View our latest analysis for Sonova Holding
How Quickly Is Sonova Holding Increasing Earnings Per Share?
If a company can keep growing earnings per share (EPS) long enough, its share price will eventually follow. That makes EPS growth an attractive quality for any company. Impressively, Sonova Holding has grown EPS by 19% per year, compound, in the last three years. If the company can sustain that sort of growth, we'd expect shareholders to come away winners.
One way to double-check a company's growth is to look at how its revenue, and earnings before interest and tax (EBIT) margins are changing. Sonova Holding shareholders can take confidence from the fact that EBIT margins are up from 16% to 25%, and revenue is growing. Ticking those two boxes is a good sign of growth, in my book.
In the chart below, you can see how the company has grown earnings, and revenue, over time. To see the actual numbers, click on the chart.
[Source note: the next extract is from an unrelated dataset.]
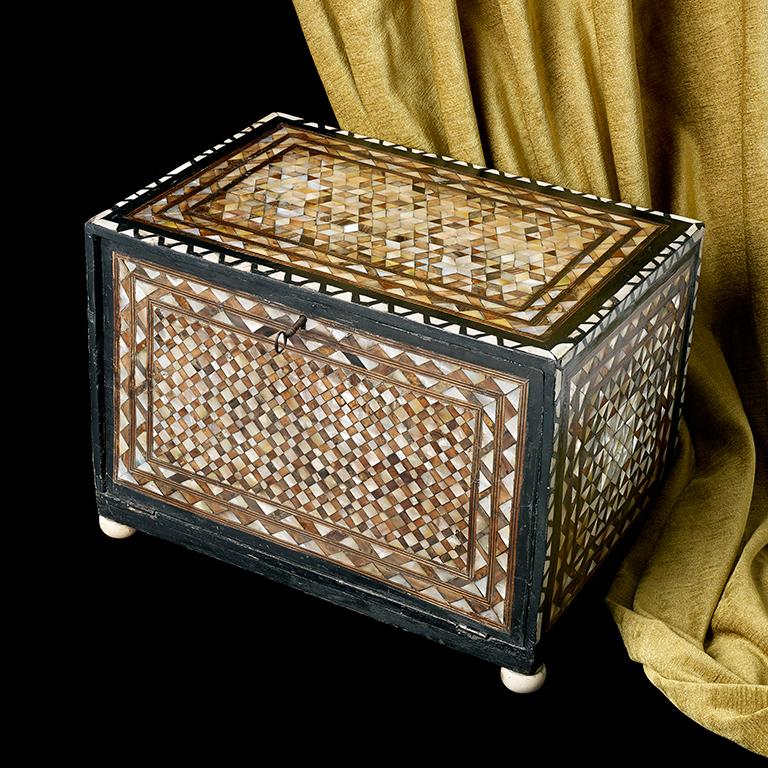 A very rare ottoman table box, the fall front opens to reveal an arrangement of 7 drawers; decorated throughout with differing patterns of tortoiseshell and mother of pearl; measures: approximate 17 1/2 inches wide, 12 1/2 inches high and 11 1/2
Of course the knack is to find stocks that have their best days in the future, not in the past. You could base your opinion on past performance, of course, but you may also want to check this interactive graph of professional analyst EPS forecasts for Sonova Holding.
Are Sonova Holding Insiders Aligned With All Shareholders?
Since Sonova Holding has a market capitalization of CHF20b, we wouldn't expect insiders to hold a large percentage of shares. But we are reassured by the fact they have invested in the company. Notably, they have an enormous stake in the company, worth CHF3.4b. That equates to 17% of the company, making insiders powerful and aligned with other shareholders. Very encouraging.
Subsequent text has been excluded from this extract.